Task.
Set down every entry again word for word, please, but skip the pictures.

Material to process.
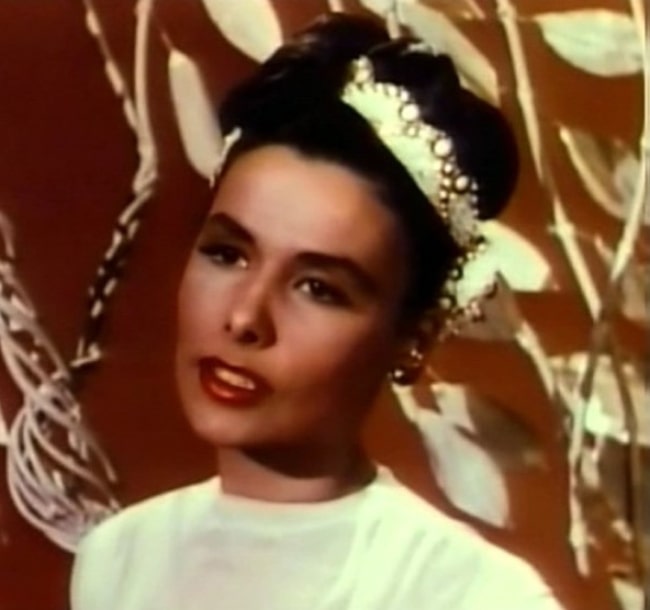 Lena Horne as seen in a screenshot from the film 'Till the Clouds Roll By'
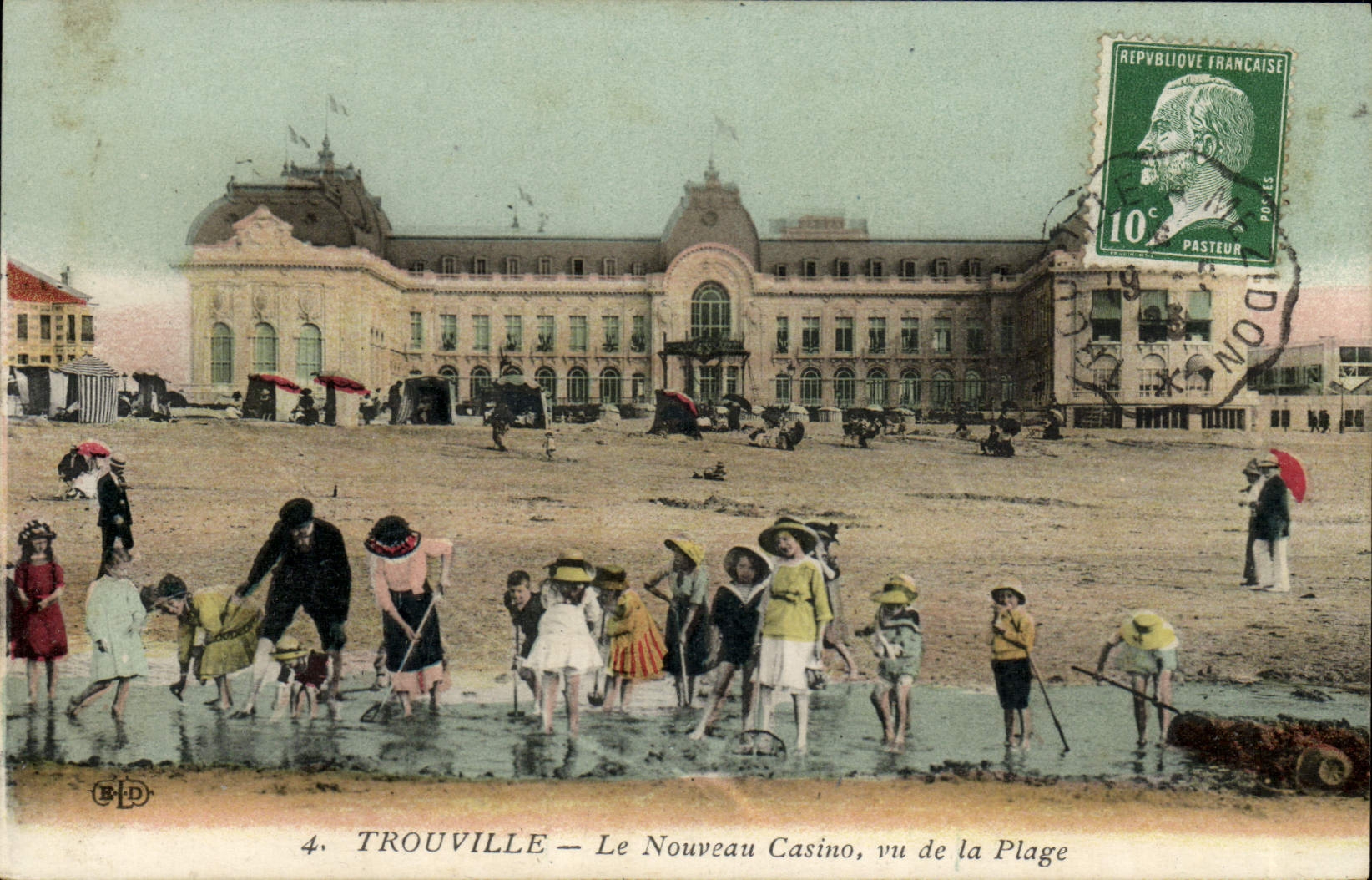 POSTAL Trouville de la VENDIMIA el nuevo casino visto de los niños de la playa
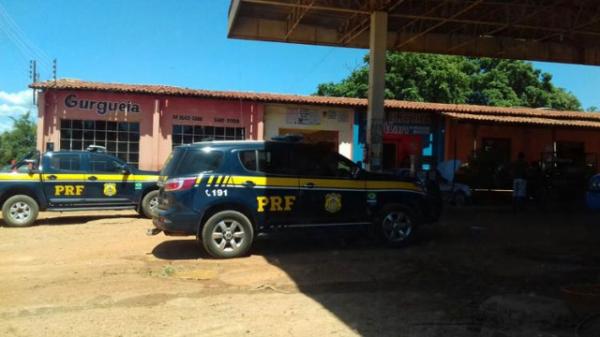 Polícia prende suspeito de assalto a instituições financeiras e apreende arma e munições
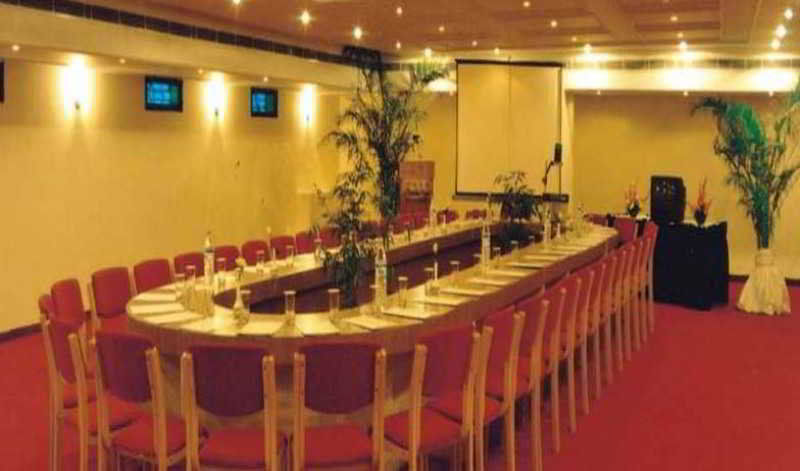Maharani Plaza Hotel 3*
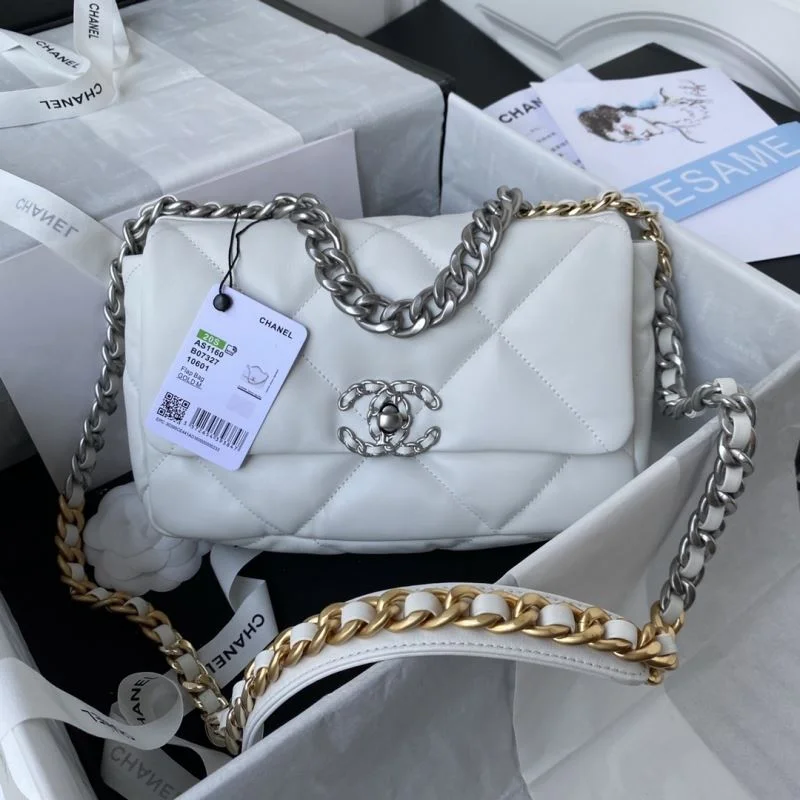 RelaxedFit Chanel 19 Bags 53746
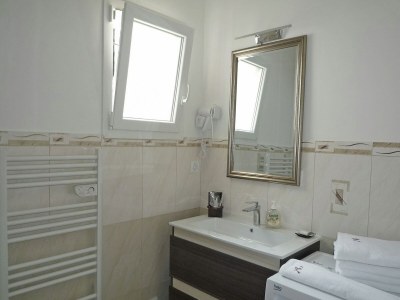 Villa Villa in Montauroux with Pool and Hill Views - Features photo 24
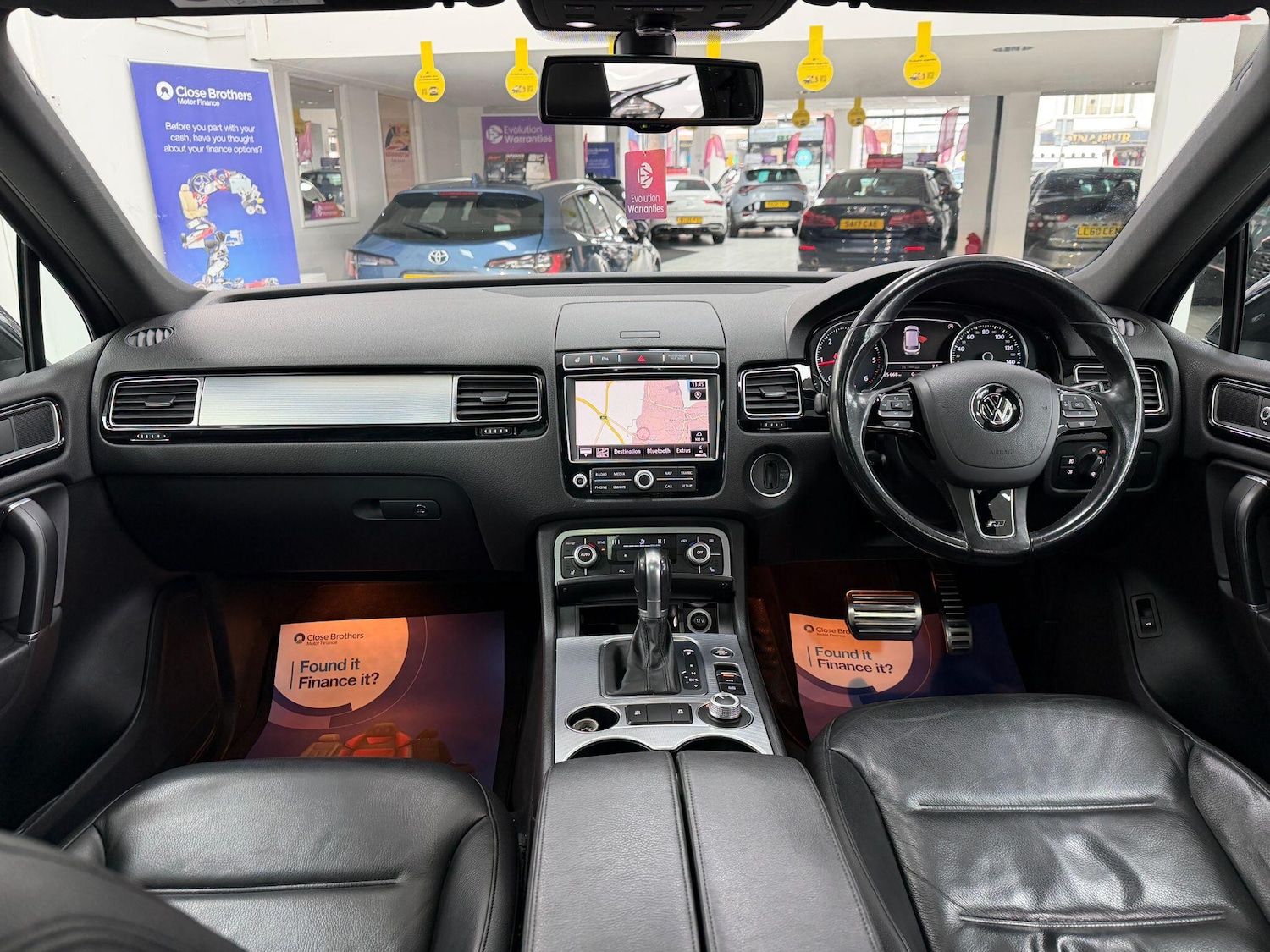 Used Volkswagen Touareg 2015 for sale - 77612493: Photo 2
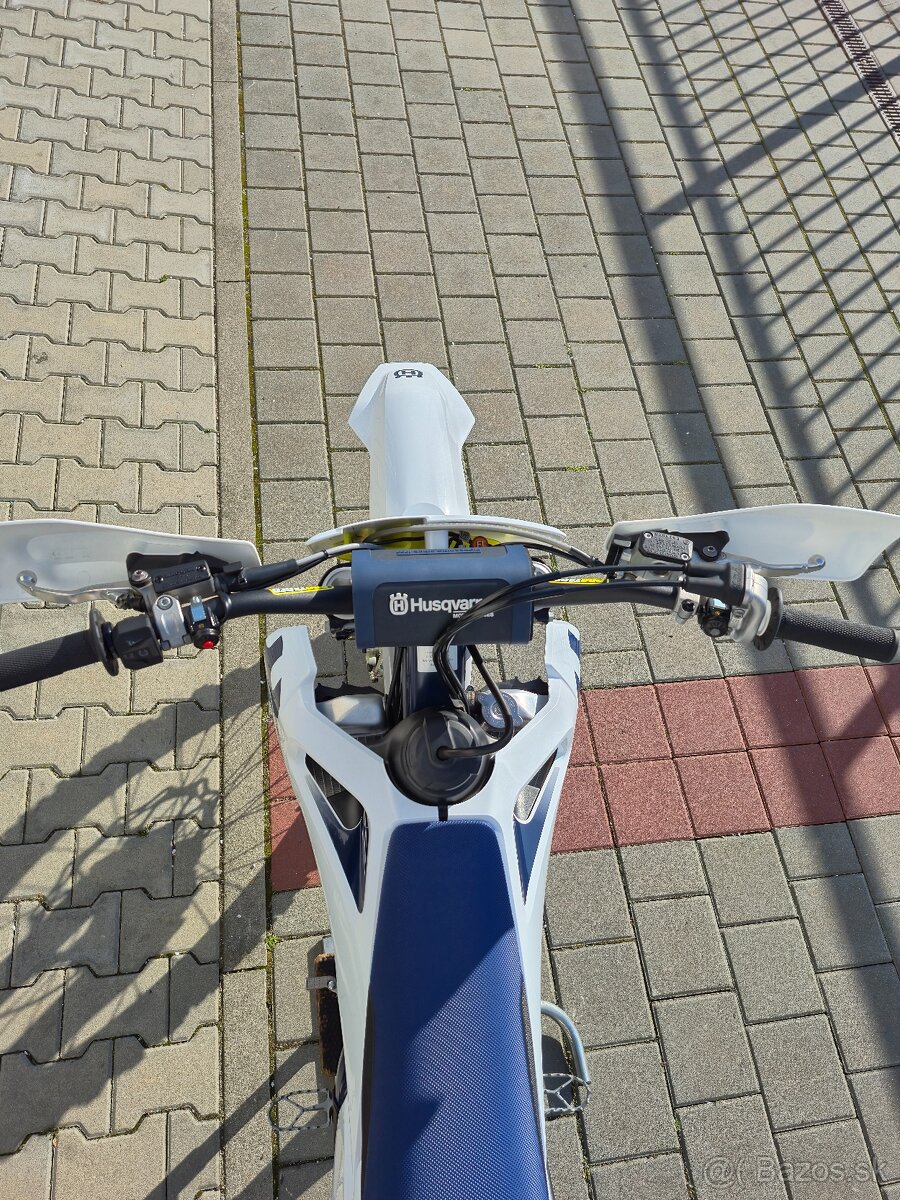 HUSQVARNA FC 250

Task output.
 Lena Horne as seen in a screenshot from the film 'Till the Clouds Roll By'
 POSTAL Trouville de la VENDIMIA el nuevo casino visto de los niños de la playa
 Polícia prende suspeito de assalto a instituições financeiras e apreende arma e munições
Maharani Plaza Hotel 3*
 RelaxedFit Chanel 19 Bags 53746
 Villa Villa in Montauroux with Pool and Hill Views - Features photo 24
 Used Volkswagen Touareg 2015 for sale - 77612493: Photo 2
 HUSQVARNA FC 250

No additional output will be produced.